Tommy Henderson

Personal information
- Full name: Thomas Henderson
- Date of birth: 1 October 1927
- Place of birth: Burnley, England
- Date of death: 31 May 2013 (aged 85)
- Position: Outside forward

Senior career*
- Years: Team / Apps / (Gls)
- 1945–1951: Burnley / 2 / (0)
- 1951-1953: Rossendale United / 86 / (23)
- Nelson / ? / (?)

= Tommy Henderson (footballer, born 1927) =

English footballer

Thomas Henderson (1 October 1927 – 31 May 2013) was an English professional footballer who played as an outside forward. He appeared in the Football League for his hometown team Burnley, playing two senior matches for the club. He later moved into non-League football, assisting Rossendale United, Nelson and Bank Hall Colliery.

==Biography==
Henderson was born in Burnley, Lancashire, on 1 October 1927 and grew up in the town, attending St Stephen's School and then Burnley Grammar School.

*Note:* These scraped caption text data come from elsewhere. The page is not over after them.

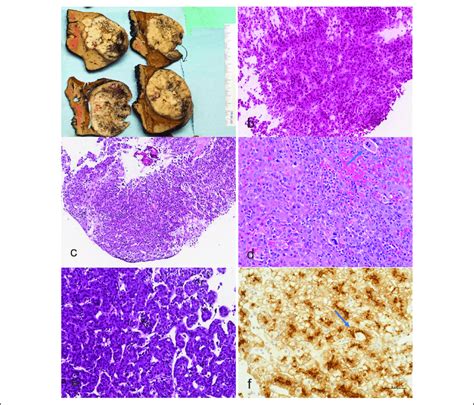 a) Gross picture of a hepatoblastoma extensively invading the liver and... | Download Scientific ...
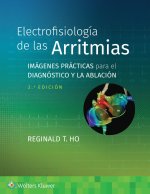 ELECTROFISIOLOGIA DE LAS ARRITMIAS.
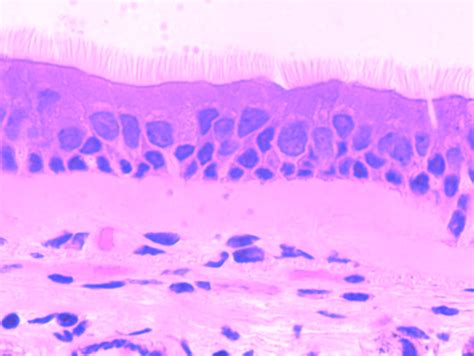The cells that comprise the epithelial membranes are variously shaped and are named accordingly. Pseudostratified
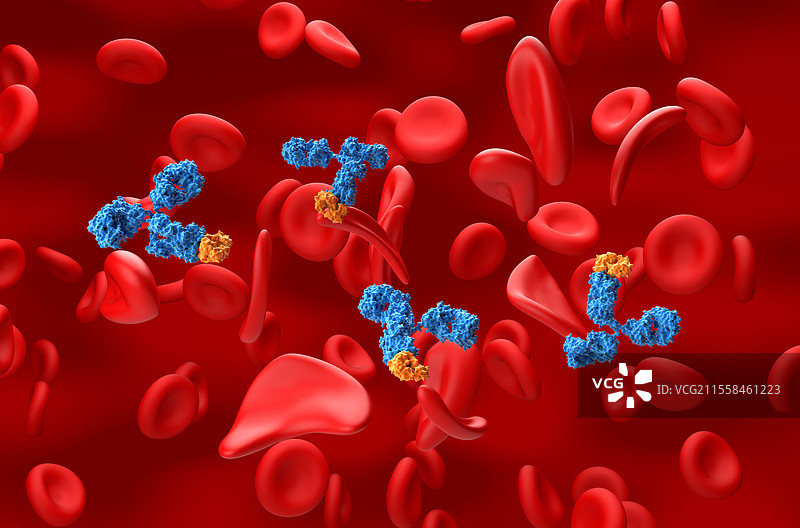 镰状细胞贫血的单克隆抗体治疗插图图片素材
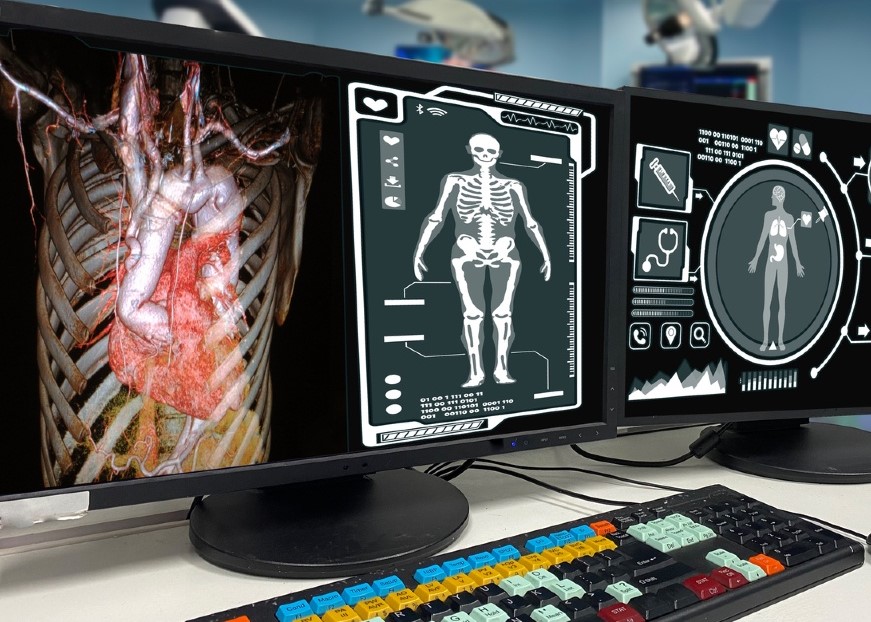 Təhlükəli xərçəng növləri və müasir müalicə ümidləri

He died on 31 May 2013, at the age of 85 and was one of the club's oldest surviving players at the time of his death.

==Playing career==
Henderson, an outside right, joined Burnley as an amateur during the 1944–45 season and played three matches in the Wartime Football League. He established himself as a regular in the reserve team at Burnley over the following seasons and in 1948–49 was a part of the side that won the Central League title. He made his senior debut for the club on 12 September 1949 for the visit to Stoke City, taking the place of Scottish winger Ian Wilson, who had worn the number 7 shirt two days earlier in the defeat to Derby County. Burnley drew 1–1 at Stoke, Reg Attwell equalising with a penalty kick after the home side had taken the lead in the first minute of the game. Henderson was dropped in favour of Jack Spencer for the next match against West Bromwich Albion and was subsequently forced to wait another month for his second first-team appearance. His second and ultimately final league outing for Burnley came in the 0–1 defeat away at Fulham on 15 October 1949, after which regular outside right Jackie Chew returned to the team and kept his place for much of the remainder of the season. Henderson remained at Turf Moor for another season, but played solely for the reserve team and was released in May 1951.

After leaving Burnley, Henderson moved into non-League football, appearing for both Rossendale United and Nelson in the Lancashire Combination. He later had a spell with Bank Hall Colliery, with whom he won the Burnley Hospital Cup in 1958.